First is scientific discovery w.r.t. compute. Can we scale scientific discovery with the computational budget? Most work nowadays lacks this. As long as human collaboration or verification is needed, human effort will become the bottleneck. So for this dimension, independence is necessary, meaning the method must produce verifiable output without human help. However, even without human help, a method can still be non-scalable. For example, in the Science Factory method, one may be able to generate new ideas from the recombination of existing ones, but this is ultimately limited regardless of how many compute hours we invest, as there is no new knowledge creation. To be scalable w.r.t. compute, the method must be: (1) independent (no human guidance/verification needed), and (2) biased with high variance to lead to the creation of new knowledge.

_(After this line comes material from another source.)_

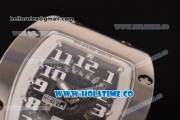 Richard Mille RM 007 Miyota 9015 Automatic Steel Case with Skeleton Dial and White Arabic Numeal Markers (K)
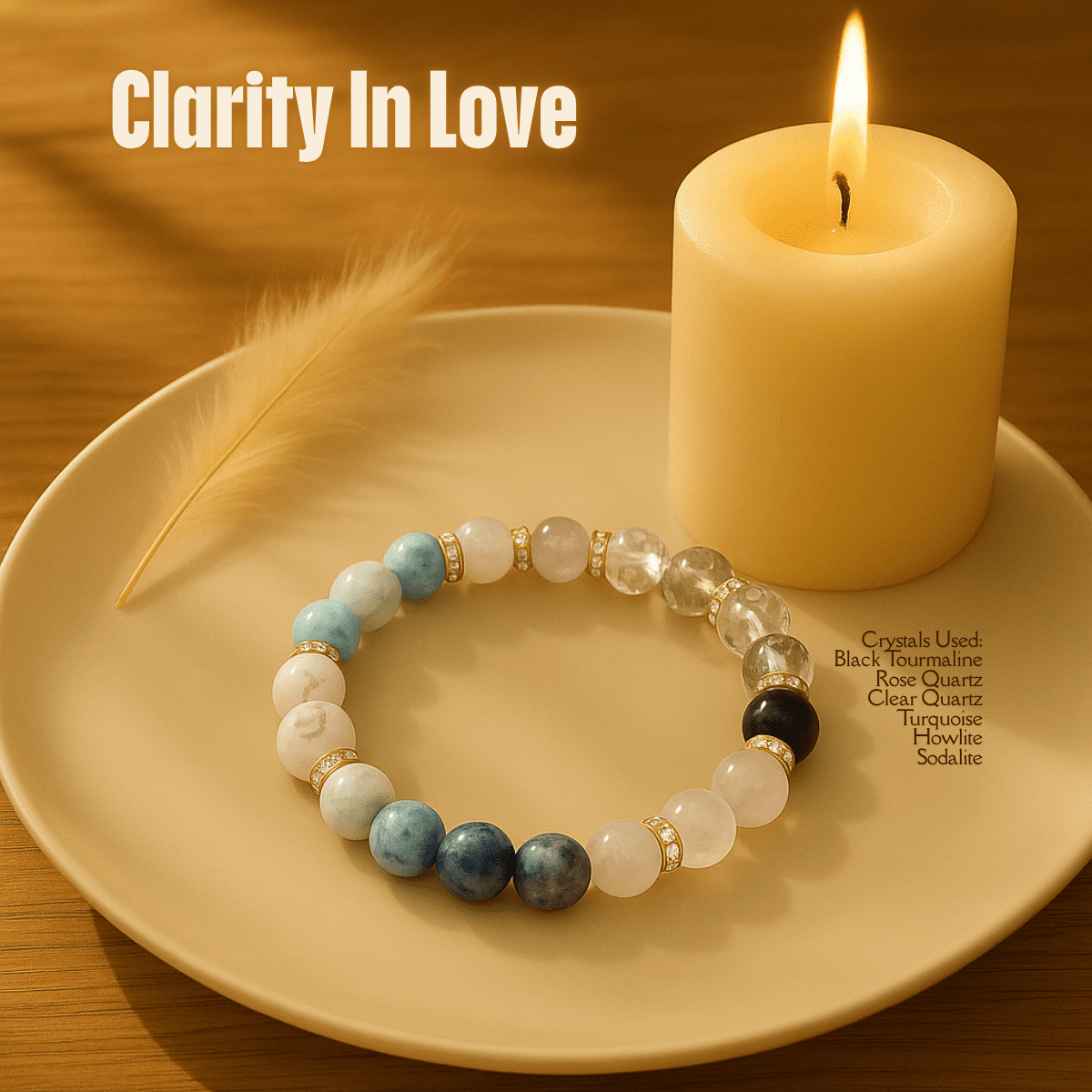Clarity in Love Bracelet spiritual healing bracelet tarot numerology soulmate guidance - Soulmate Tarot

Combined, we can invest compute to run massive-scale instances in parallel — the high variance ensures a few instances generate groundbreaking results while the independence ensures easy filtration of these results without human verification.

The second dimension is model capacity. Can scientific discovery scale w.r.t. model capacity? When a new AI model is released, will the method improve? Imagine forcing Einstein to work as a code improver in a Science Factory — his intelligence would be essentially wasted. Autonomy is needed to be scalable w.r.t. model capacity; as models become more powerful, less handholding is needed. A method that relies on handholding and rigid pipelines is doomed to be non-scalable in this regard.

Fig 1: Illustration of the path to scalable AI for science.

Conclusion

AI for Science holds great promise for our civilization, but it will easily lead to hype and a bubble with the wrong methodology and directions. We must be scientific ourselves when designing AI-for-Science methods. We should abandon the traditional mindset of handcrafting pipelines for agents and instead embrace autonomy and emergent behavior, as science flourishes in an open-world environment with diverse stories, not a factory. Only with the correct methodology and direction can one realize the goal of scalable AI for Science.